Entscheidungsstichwort (Thema)
Überbrückungsbeihilfe – Anrechnung einer Unfallrente
Leitsatz (amtlich)
Auf eine Überbrückungsbeihilfe nach § 4 TV SozSich, die ein ausgeschiedener Arbeitnehmer der US-Stationierungsstreitkräfte beanspruchen kann, ist gemäß § 5 Buchst. b TV SozSich eine gesetzliche Unfallrente anzurechnen.
Zur Anrechnung einer US-Militärrente auf eine Überbrückungsbeihilfe nach TV SozSich: vgl. Senatsurteil vom 16. Juli 1998 - 6 AZR 672/96 - AP TVG § 4 Rationalisierungsschutz Nr. 27
Normenkette
Tarifvertrag zur sozialen Sicherung bei den Stationierungsstreitkräften im Gebiet der Bundesrepublik Deutschland vom 31. August 1971 (TV SozSich) §§ 3-5
Verfahrensgang
Tenor
1. Die Revision des Klägers gegen das Urteil des Landesarbeitsgerichts Rheinland-Pfalz vom 28. Juli 1997 - 9 Sa 508/97 - wird zurückgewiesen.
2. Der Kläger trägt die Kosten der Revision.
Tatbestand
Die Parteien streiten darüber, ob die Beklagte auf die dem Kläger zustehende Überbrückungsbeihilfe eine Unfallrente anrechnen darf.

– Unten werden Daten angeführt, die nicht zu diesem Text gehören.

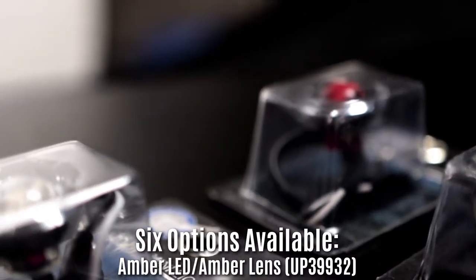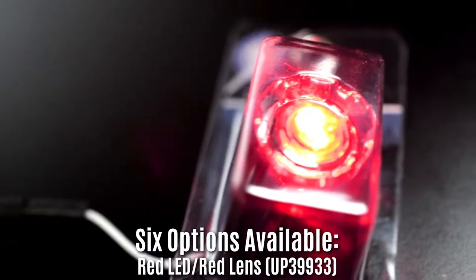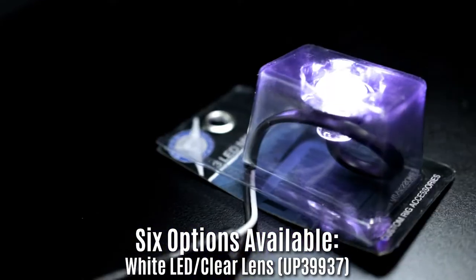They're available in six different options: amber LED with amber lens, red LED with red lens, or amber, red, blue, or white with clear lenses.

Der Kläger war seit dem 7. April 1965 bei den US-Streitkräften als Control Lead Inspector beschäftigt. Dieses Arbeitsverhältnis, auf das aufgrund einzelvertraglicher Vereinbarung der TV AL II Anwendung fand, wurde wegen Truppenreduzierung durch einen Vergleich der Parteien mit Ablauf des 31. Januar 1996 beendet.

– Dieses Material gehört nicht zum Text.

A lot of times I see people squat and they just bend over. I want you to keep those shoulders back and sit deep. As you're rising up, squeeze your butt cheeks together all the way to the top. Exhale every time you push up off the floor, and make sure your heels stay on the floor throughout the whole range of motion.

Der Kläger erhielt von der Beklagten wegen der Beendigung des Arbeitsverhältnisses eine Überbrückungsbeihilfe nach dem Tarifvertrag zur sozialen Sicherung bei den Stationierungsstreitkräften im Gebiet der Bundesrepublik Deutschland vom 31. August 1971 (TV SozSich). Auf die Überbrückungsbeihilfe rechnete die Beklagte eine gesetzliche Unfallrente an, die der Kläger wegen eines am 20. Januar 1988 erlittenen Arbeitsunfalls erhielt, und zahlte dem Kläger die Überbrückungsbeihilfe monatlich um 737,20 DM gekürzt aus.
Der Kläger hat die Auffassung vertreten, eine Anrechnung nach § 5 Satz 1 TV SozSich sei ausgeschlossen, da einer der in § 5 Satz 2 TV SozSich geregelten Ausnahmefälle vorliege. Bereits der Text des § 5 TV SozSich zeige, daß die Anrechnung nur Bezüge erfassen solle, die allein „aus öffentlichen Leistungen” erwüchsen. Dies sei bei der Unfallrente nicht der Fall.
Der Kläger hat zuletzt beantragt:
1. Es wird festgestellt, daß die Beklagte verpflichtet ist, dem Kläger die Überbrückungsleistungen gem. TASS ohne Anrechnung der Unfallrente aus dem Arbeitsunfall vom 20. Januar 1988 zu gewähren.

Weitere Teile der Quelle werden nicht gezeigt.